If he pronounced the sentiment attributed to him
of raising the standard of disunion and of resistance
to the common government, whatever he has been,
if he follows up that declaration
by a corresponding overt act, he will be a traitor,
and I hope he will meet the fate of a traitor.6

      Seward offered an amendment to admit New Mexico as a free-soil state, but not one US Senator voted for it with him. Senator Douglas argued for popular sovereignty in each territory and state regarding slavery, and he persuaded Clay to support that. Senator James Pearce of Maryland offered two amendments that would remove the Dawson proviso from the New Mexico portion of the Omnibus.

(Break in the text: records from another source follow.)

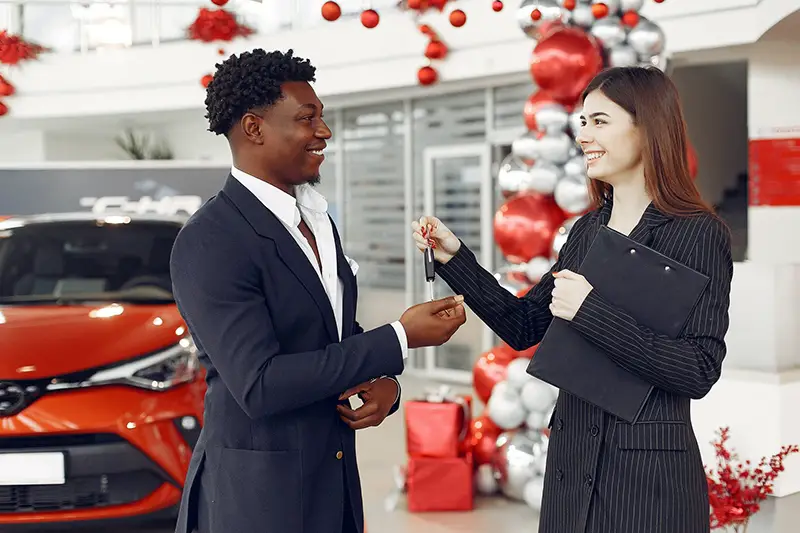 Young preety car loan agent handing the car key to her cclient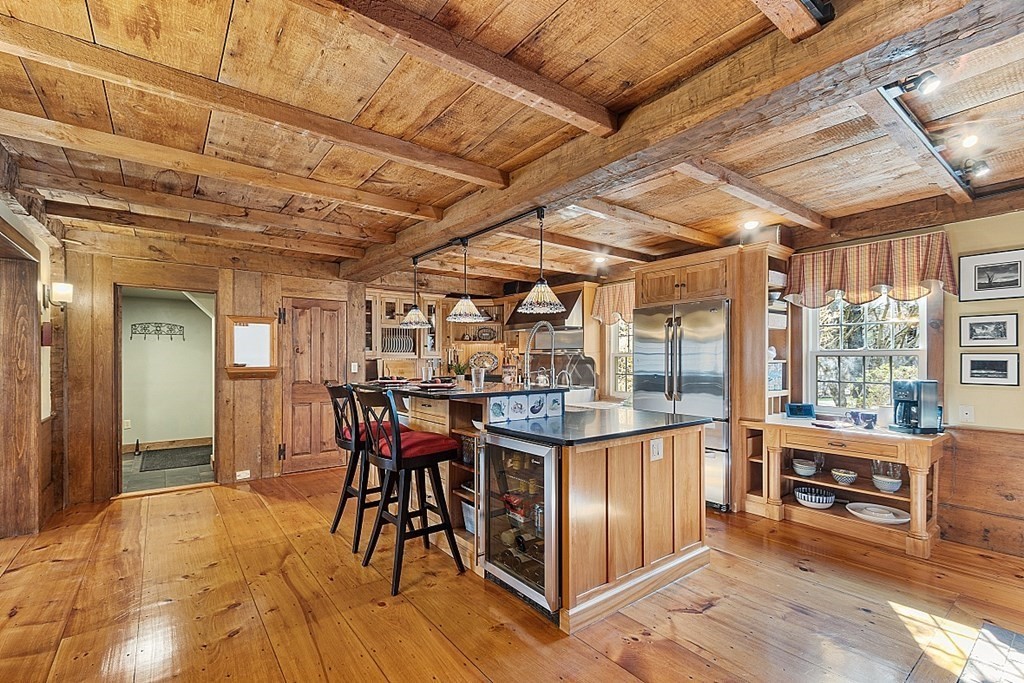 65 Lawrence Road Boxford, MA 01921 - Photo 5 of 36 a view of a dining room with furniture window and wooden floor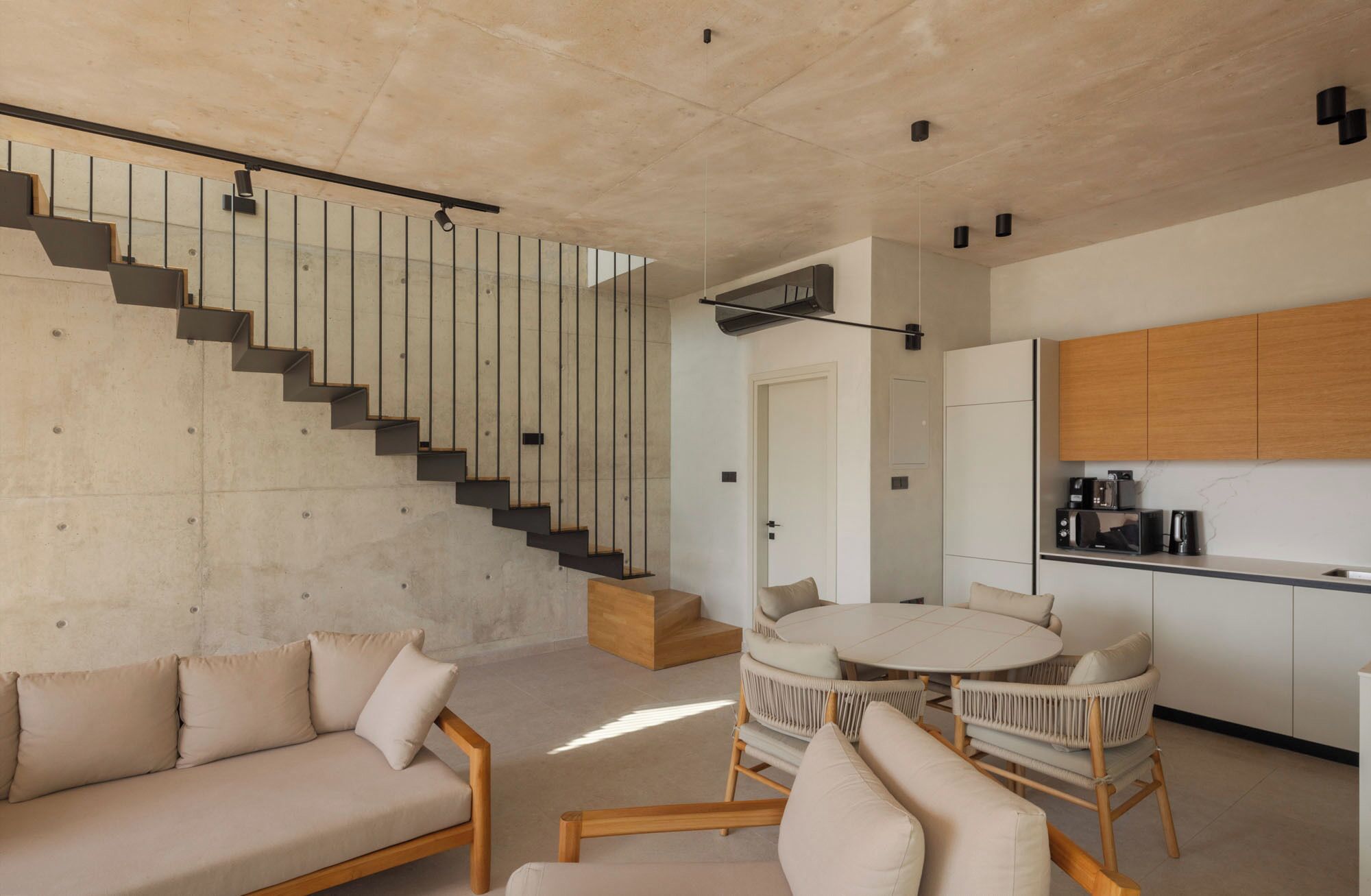 A modern living room with a staircase, a dining area, and a kitchen.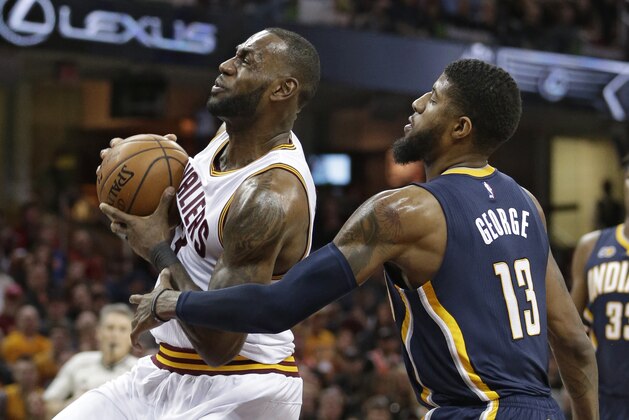 Cleveland Cavaliers' LeBron James, left, drives past Indiana Pacers' Paul George in the first half of an NBA basketball game, Sunday, April 2, 2017, in Cleveland. (AP Photo/Tony Dejak)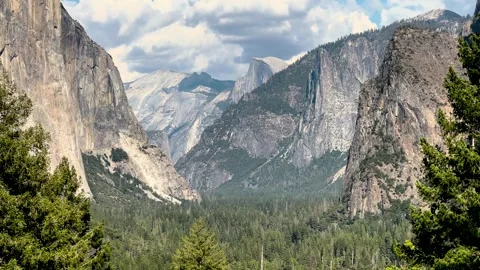 Mountain valley with granite cliffs and pine forest Stock-Footage 348149355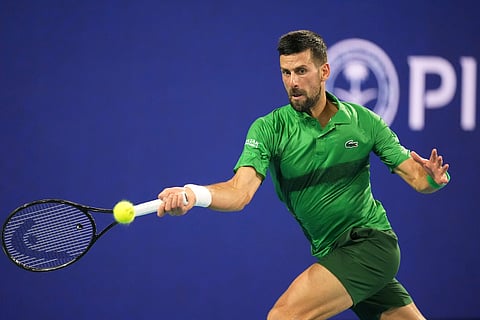 Novak Djokovic, of Serbia, plays a shot to Jakub Mensik, of Czech Republic, in the men's singles final match at the Miami Open tennis tournament, Sunday, March 30, 2025, in Miami Gardens, Fla.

Then amendments to the Omnibus removed every section of the Omnibus Bill by July 31 except the one on the Utah Territory which passed the next day.
      On August 6 President Fillmore sent his message to the US Congress declaring that New Mexico was federal territory and that Texas had no authority beyond its borders. Acting Secretary of War General Winfield Scott prepared the military for a confrontation against Texans in New Mexico. Clay telegraphed support for the President. While Clay was away, Senator Douglas began organizing separate votes on each part of the compromise legislation. He and James Pearce of Maryland offered a boundary bill that added 33,333 square miles to Texas with $10 million to help pay off its debt, and Texas gave up its claim to New Mexico; the Senate passed it 30-20 on August 9. The Senate approved 34-18 the admission of California on the 13th and two days later the New Mexico Territory bill 27-10. Free Soilers led by Senator Salmon Chase of Ohio opposed that, and even Douglas noted that the new territory would have 223,000 square miles. Senator William Dayton of New Jersey proposed an amendment to the Fugitive Slave bill guaranteeing a jury trial to alleged fugitives; but it failed 27-11, and they passed the Fugitive Slave act on August 23.
      After some early opposition by extremists on both sides the US House of Representatives approved 107-99 the New Mexico-Texas boundary bill on September 6 and the next day approved 150-56 California which became a state on the 9th. Three days later the House approved the Fugitive Slave bill 109-75. The Senate finally backed 33-19 abolishing the slave market in the District of Columbia on September 16, and the next day the House passed it 124-59. President Fillmore signed each of the compromise bills between September 6 and 20. The efforts of senators Clay, Webster, and Douglas and the support of President Fillmore had helped bring about the Great Compromise of 1850. In the next 15 months 84 fugitive slaves were returned to their owners while only five were declared free. In the 1850s only 7 were freed while 332 were returned.
      Douglas had introduced the first federal land grant enacted for a railroad for the Illinois Central Railroad from Chicago to Mobile on January 3; the Senate passed it on May 2, and it became law on September 20. On the 28th the Congress banned flogging in the Navy and the Merchant Marine. On the 23rd Fillmore wrote a letter asking the Congress to approve funds for a White House library, and by December they had 270 books and 258 periodicals. Dorothea Dix came to Washington asking for a bill for an asylum for the poor insane, and she and Fillmore often corresponded. A thousand people gathered in Worcester, Massachusetts on October 23 and organized committees to work for women’s rights. On the same day Douglas called a meeting in Chicago and spoke to 4,000 people for two hours defending the Compromise, arguing that it had not changed the Fugitive Slave Act of 1793.
      In October a crowd in Pennsylvania rescued a fugitive slave, and two judges asked President Fillmore to send federal troops. Webster had indicated that Fillmore would oppose nullification in the North as well as in the South, and Fillmore acted to enforce the law. On the other side Jefferson Davis of Mississippi approved of state nullification, and to be consistent he even accepted it by northern states on fugitive-slave laws. Also in October the slave-owner Robert Collins of Macon, Georgia sent two slave catchers to Boston to capture the couple William and Ellen Craft, but the abolitionists Theodore Parker and Wendell Phillips concealed them and organized a meeting that arrested the southern agents for defamation. Fillmore said he would use troops, but the Crafts were put on a ship and went to England. In the last three months of 1850 about 3,000 blacks fled to Canada. Harriet Tubman had a home base in St. Catherines, Ontario, and in the 1850s the black population of Ontario doubled to 11,000. In Syracuse a third of the 600 blacks fled to Canada, and 242 emigrated from two black Baptist churches in Rochester and Buffalo.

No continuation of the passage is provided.